Business Location and Leasing
       Location, Location, Location
            o Zoning categories
            o Criteria for home-based businesses
            o Criteria for a manufacturing, warehousing or industrial business
            o Criteria for a retail business
       Leasing Checklist
            o Points to consider before signing a lease or purchasing property
            o Basic lease provisions
            o To rent or to buy considerations
       Do Your Homework
       Site Location Criteria
            o Evaluation table
       Top Ten Do's and Don'ts
       Sound Byte Transcriptions
       Session 7 Business Plan
       Session Feedback

Location, Location, Location

Whether you are a moonlight or full-time entrepreneur, at some time real estate issues will become important to you. The success
or failure of most retail businesses will hinge on the owner's selectivity and judgment in selecting the right location.

An initial step in business is selecting where you will live and where your business will be located. You may have the opportunity to
relocate to an area where you would really enjoy living and working.

Zoning Categories

Every city has a planning department at City Hall. You will be dealing with this and other municipal departments and agencies that
have discretionary authority to approve or disapprove your intended plans.
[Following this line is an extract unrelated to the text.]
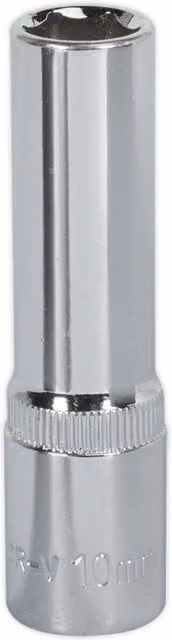 Loops 10mm Deep Drive Socket 3/8 inch Square Drive Forged Chrome Vanadium in Silver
You can no longer rely on zoning codes to determine what the rules are in your desired location. Your intended location will often
be subject to "precise plan" approval, an environmental impact assessment, and other regulatory issues.

You may find yourself appearing before a review board that can often seem unreasonable in its decisions. Many cities have
redevelopment agencies authorized to impose conditions even more stringent than those established by local codes.

One shopping center developer was so frustrated with the demands of city agencies that he finally threw up his hands and sold off
his rights to the property. The new owner succeeded in developing the property. His secret, "I went into City Hall and told them that
I would do anything they wanted me to do-----and did it."
Now, obviously there will be times when unreasonable conditions will make a location for your business unattractive. In such cases,
you should unemotionally look for another location.

Criteria for Home-Based Businesses

Be sure your home business is permitted and you have the license required by the city. Many homes have an association with
regulations for the owners. Check to ensure you are in compliance. See our home based business article for those considering
operating a business from their home.

Criteria for a Manufacturing, Warehousing, or Industrial Business

       Room for future expansion
       Convenient for employees
       Good Accessibility
       Available labor force
       Appropriate utilities
       Convenient to freight and express delivery systems

Criteria for a Retail Business

Each retail and commercial business has its own criteria. For example, a donut shop should be located on the "going-to-work" side
of the street. On the other hand, a liquor store should be on the side of the street with traffic going home from work.

The selection of your first location will have an overwhelming impact on your chances for success.

In Session 1, you analyzed businesses that are similar to the one you chose. Did you analyze where they were located and why?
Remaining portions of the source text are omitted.